Generosità, umiltà, sacrificio, costanza e allegria, ma anche spirito di gruppo, rispetto, sano agonismo e solidarietà con gli altri: sono queste, per Francesco, le virtù e i valori dello sport da trasmettere ai giovani, tramite una proposta di formazione che punti allo sviluppo integrale della persona. A partire dagli oratori, diffusi nelle nostre parrocchie, dal mondo della scuola e dall’associazionismo.
“Oggi c’è bisogno di un fondamento etico forte, e questo non lo richiede solo un mondo cattolico”:
nell’assicurarlo Stelitano cita la “Carta degli atleti” varata in questi giorni dal Comitato olimpico internazionale, in cui si registrano importanti consonanze tra le istanze della Santa Sede e quelle degli addetti ai lavori.
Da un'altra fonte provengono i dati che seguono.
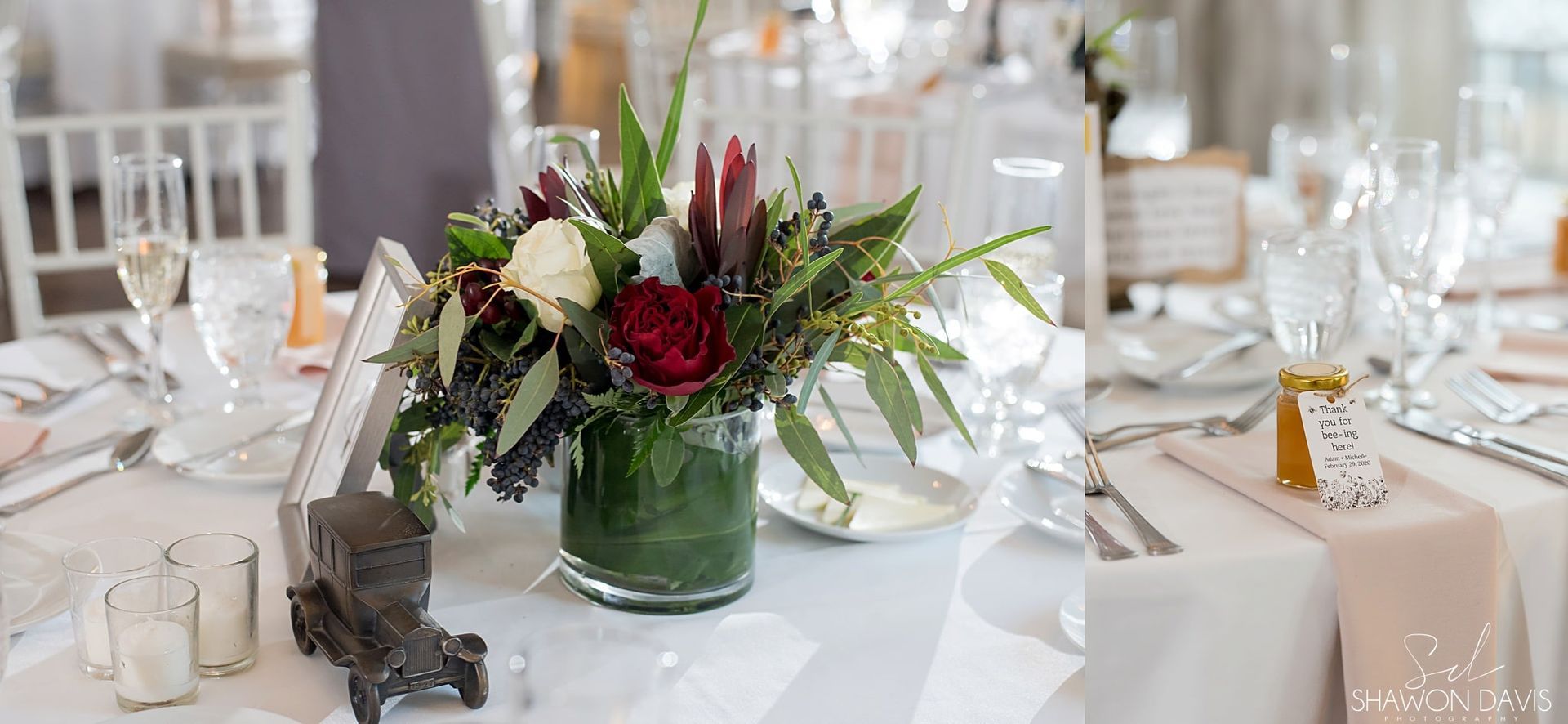 Elegant banquet table with white linens, glassware, and a green vase centerpiece of red and white flowers.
Lo sport è sì, come attestavano gli antichi, palestra di vita, ma le strumentalizzazioni sono dietro l’angolo, come si legge nel testo nella parte dedicata alle “quattro sfide per lo sport del nostro tempo”: lo svilimento del corpo, il doping, la corruzione, le possibili ambiguità di tifosi e spettatori, che possono degenerare nella violenza fisica e verbale, nel razzismo o in “ideologie estremiste”.
“Una cosa è rispettare le regole del gioco per evitare di essere sanzionati dall’arbitro o squalificati per una violazione del regolamento. Altra cosa è essere attenti e rispettosi dell’avversario e della sua libertà indipendentemente da qualsivoglia ricaduta regolamentare”.
È la parte del documento in cui si afferma che oggi c’è sempre più bisogno di “fair play” nello sport, per far sì che il gioco sia pulito. Il fair play è messo in crisi da frodi e doping, e per combatterlo non basta “appellarsi alla morale individuale degli atleti”, servono sforzi internazionali concreti e coordinati che coinvolgano anche i media, la finanza, la politica.
“Non è accettabile che gli atleti siano considerati come merce”,
l’altro monito del testo, in cui si denunciano con forza tutte le “situazioni di abusi di bambini, fisici, sessuali o emotivi, da parte di allenatori, preparatori o altri adulti”, e si denunciano i possibili rischi per la salute, dovute al processo di “automatizzazione degli atleti“, da parte di genitori, allenatori e società sportive “interessati ad assicurarsi il successo e a soddisfare le speranze di medaglie, record, borse di studio scolastiche, contratti di sponsorizzazione e ricchezza”. Tutte aberrazioni, queste, che impongono ai ragazzi allenamenti non sostenibili per la loro età, con “danni al corpo umano che non possono essere avallati“, come nel caso delle giovani ginnaste, costrette a rimanere magre e vittime di un’angoscia che porta a sviluppare disturbi dell’alimentazione in percentuali molto più alte rispetto alla media della popolazione femminile in generale.
“Le scelte riguardanti il mondo sportivo sono ormai decise da attori esterni ad esso per interessi di carattere finanziario o politico”,
la denuncia a proposito della corruzione dilagante nel mondo dello sport, e che non riguarda solo il singolo evento sportivo. Senza contare le scommesse sportive e le stesse responsabilità di tifosi e spettatori, quando degenerano in forme di violenza o di odio razziale. Anche alcuni presunti progressi potrebbero in realtà rivelarsi controproducenti, sostiene Stelitano a proposito dell’eventuale introduzione, nei Giochi Olimpici, anche degli sport elettronici, quelli che si giovano davanti alle “playstation”: “Spero che non vengano inseriti”, dice a titolo personale: “Si giocano da soli, manca l’aspetto relazionale e quello educativo”.